O legendário Diretor de Trânsito Geraldo de Menezes Cortes, introdutor da preponderância da engenharia de tráfego no Detran, até então somente ou principalmente enfatizando o policiamento, costumava definir a  sua ação com a seguinte frase: “Os congestionamentos fortuitos, não posso evitá-los por não dispor de efetivo policial habilitado, capaz de fazê-lo no entanto os permanentes, tenho o dever de resolve-los”. Isto era o lema do responsável por nossa mobilidade no final da década de 40 do século que passou... E hoje, qual é  o lema? Costumo escrever, copiando a opinião da Phillips holandesa, que a engenharia de tráfego é a “ciência esquecida”. Eu ,exagerando, diria, é  a “ciência ignorada” e, de certa forma, mal ensinada, desde a morte do notável engenheiro de tráfego, professor Gerardo Penna Firme, que a exercia baseado nas regras do urbanismo, nas leis da hidráulica e na filosofia de Sir Alker Tripp e Sir Collin Buchanan. Quanto a estes últimos, autênticos filósofos do trânsito, não sei se a atual geração os conhece.

A reportagem que me inspirou mais um artigo de protesto em nome, não somente meu, mas dos colegas que exerceram a responsabilidade pela mobilidade urbana e, de certa forma têm o seu passado agredido, faz um alerta muito sério, numa época em que a corrupção corroí os recursos públicos. Assistimos, por exemplo, ao estrangulamento de uma das pistas da Avenida Brasil, a fim se realizarem obras para o VLT, que não irá retirar automóveis mas melhorar o conforto dos passageiros de ônibus. Foi aceita sem que nada se fizesse para minorar este mal, com duração prevista de um ano. Basta aplicar uma regra básica da hidráulica que tudo se resolveria...

Quanto à mobilidade urbana que nos coloca, como já escrevi em artigo anterior, “muito mal na foto”, segundo pesquisa da empresa holandesa TOM TOM, é facilmente resolvida pela implantação do Sistema URV, ou seja  o Uso Racionado das Vias, como se faz sempre que a oferta é inferior à procura. Terminaria com a atual “queda de braço” entre o Secretário de Transportes e a Rio-Ônibus pelo aumento das tarifas, previsto em contrato, uma vez que a renda do URV para a circulação racionada, gera recursos PARA TORNAR GRATUITO O TRANSPORTE PÚBLICO DE ÔNIBUS. Só esta medida o consagraria.

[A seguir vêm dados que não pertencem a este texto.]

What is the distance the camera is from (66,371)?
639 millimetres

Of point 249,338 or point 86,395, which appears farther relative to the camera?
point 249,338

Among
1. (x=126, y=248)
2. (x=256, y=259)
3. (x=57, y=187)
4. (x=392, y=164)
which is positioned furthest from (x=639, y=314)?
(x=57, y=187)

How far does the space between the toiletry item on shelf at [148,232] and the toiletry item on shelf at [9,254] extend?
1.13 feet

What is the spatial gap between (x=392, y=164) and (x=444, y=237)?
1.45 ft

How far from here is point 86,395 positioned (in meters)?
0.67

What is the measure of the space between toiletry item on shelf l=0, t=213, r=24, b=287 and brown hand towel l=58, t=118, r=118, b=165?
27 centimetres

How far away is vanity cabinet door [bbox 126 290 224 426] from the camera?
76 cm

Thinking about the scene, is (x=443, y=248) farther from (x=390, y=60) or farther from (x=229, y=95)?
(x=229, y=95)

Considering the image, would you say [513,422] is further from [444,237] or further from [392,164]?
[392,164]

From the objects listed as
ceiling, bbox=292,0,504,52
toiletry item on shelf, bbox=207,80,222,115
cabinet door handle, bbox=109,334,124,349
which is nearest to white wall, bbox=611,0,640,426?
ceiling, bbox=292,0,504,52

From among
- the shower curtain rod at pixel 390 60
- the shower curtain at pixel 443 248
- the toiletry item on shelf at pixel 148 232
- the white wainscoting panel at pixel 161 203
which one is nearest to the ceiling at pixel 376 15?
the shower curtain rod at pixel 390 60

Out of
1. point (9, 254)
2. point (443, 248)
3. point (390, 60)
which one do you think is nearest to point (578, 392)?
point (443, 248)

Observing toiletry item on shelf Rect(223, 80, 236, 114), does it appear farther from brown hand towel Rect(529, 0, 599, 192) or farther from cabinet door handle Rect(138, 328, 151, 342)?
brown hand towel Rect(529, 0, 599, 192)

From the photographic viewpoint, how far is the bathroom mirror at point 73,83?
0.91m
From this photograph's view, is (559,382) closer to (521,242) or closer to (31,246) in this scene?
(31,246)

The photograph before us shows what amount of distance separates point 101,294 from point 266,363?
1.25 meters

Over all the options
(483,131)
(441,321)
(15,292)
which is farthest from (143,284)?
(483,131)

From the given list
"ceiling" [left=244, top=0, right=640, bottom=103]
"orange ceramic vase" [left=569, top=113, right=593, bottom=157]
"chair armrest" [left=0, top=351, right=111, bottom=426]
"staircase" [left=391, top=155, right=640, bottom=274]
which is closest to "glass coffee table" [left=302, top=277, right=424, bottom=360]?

No fundo é aquela velha frase do autor inglês C. K. Chesterton, em seu livro clássico “The Scandal  of  Father Brown”  que sempre repito: “Não me preocupa os que não enxergam  o solução. O que me preocupa são os que não enxergam o problema, daí não encontrarem a solução”. Não se encontra a solução para as dificuldades do trânsito, até para uma política realista de transporte, sem pesquisa. Ela é o laboratório que leva o “médico” ao diagnóstico correto. O mais é mero blá,blá, blá.

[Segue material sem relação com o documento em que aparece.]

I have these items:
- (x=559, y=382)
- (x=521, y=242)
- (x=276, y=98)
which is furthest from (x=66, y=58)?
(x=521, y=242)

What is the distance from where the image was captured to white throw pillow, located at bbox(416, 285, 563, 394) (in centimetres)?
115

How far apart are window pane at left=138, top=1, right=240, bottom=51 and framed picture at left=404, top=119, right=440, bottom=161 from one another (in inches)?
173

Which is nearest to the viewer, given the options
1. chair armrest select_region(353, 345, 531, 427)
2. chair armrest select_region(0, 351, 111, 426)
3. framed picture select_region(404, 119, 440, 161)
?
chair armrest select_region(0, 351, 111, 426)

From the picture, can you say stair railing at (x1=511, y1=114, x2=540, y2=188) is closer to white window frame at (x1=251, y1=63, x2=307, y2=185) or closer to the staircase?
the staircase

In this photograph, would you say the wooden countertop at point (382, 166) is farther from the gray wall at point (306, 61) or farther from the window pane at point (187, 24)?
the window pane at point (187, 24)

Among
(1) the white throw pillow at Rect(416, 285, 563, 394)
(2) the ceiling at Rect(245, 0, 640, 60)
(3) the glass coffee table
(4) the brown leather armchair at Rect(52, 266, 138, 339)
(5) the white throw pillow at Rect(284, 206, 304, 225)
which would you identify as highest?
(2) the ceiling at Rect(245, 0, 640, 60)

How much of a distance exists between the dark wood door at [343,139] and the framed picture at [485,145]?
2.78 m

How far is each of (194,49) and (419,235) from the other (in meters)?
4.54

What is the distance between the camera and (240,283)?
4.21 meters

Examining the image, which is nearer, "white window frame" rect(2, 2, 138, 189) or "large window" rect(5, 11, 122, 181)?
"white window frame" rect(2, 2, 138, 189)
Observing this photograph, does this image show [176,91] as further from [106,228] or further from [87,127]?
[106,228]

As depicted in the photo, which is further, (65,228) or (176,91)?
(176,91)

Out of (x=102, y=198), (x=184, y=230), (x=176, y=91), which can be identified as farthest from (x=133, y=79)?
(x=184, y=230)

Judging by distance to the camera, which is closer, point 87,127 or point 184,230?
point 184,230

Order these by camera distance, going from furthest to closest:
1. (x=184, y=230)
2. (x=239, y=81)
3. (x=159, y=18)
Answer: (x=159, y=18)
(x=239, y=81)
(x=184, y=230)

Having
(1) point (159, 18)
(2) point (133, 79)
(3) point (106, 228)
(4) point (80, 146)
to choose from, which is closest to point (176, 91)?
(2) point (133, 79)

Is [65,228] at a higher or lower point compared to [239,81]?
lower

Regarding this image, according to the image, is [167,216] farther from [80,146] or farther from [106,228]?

Ainda não tenho no meu currículo a consultoria na minha cidade, tendo inclusive a exercido em São Paulo, durante os anos 1973 e 74, quando em 1975, fiz a tolice de voltar ao DETRAN, esquecendo-me de que “ciúme de homem é pior do que de mulher”. Vou tentar quebrar este tabu procurando o atual competente secretário de Transportes, engenheiro Fernando Mac Dowell, meu amigo de longa data e a quem desejo que passe à história como um autêntico revolucionário no trânsito do Rio, capaz de livrá-lo da incômoda e, como disse no título, posição inaceitável de mobilidade urbana.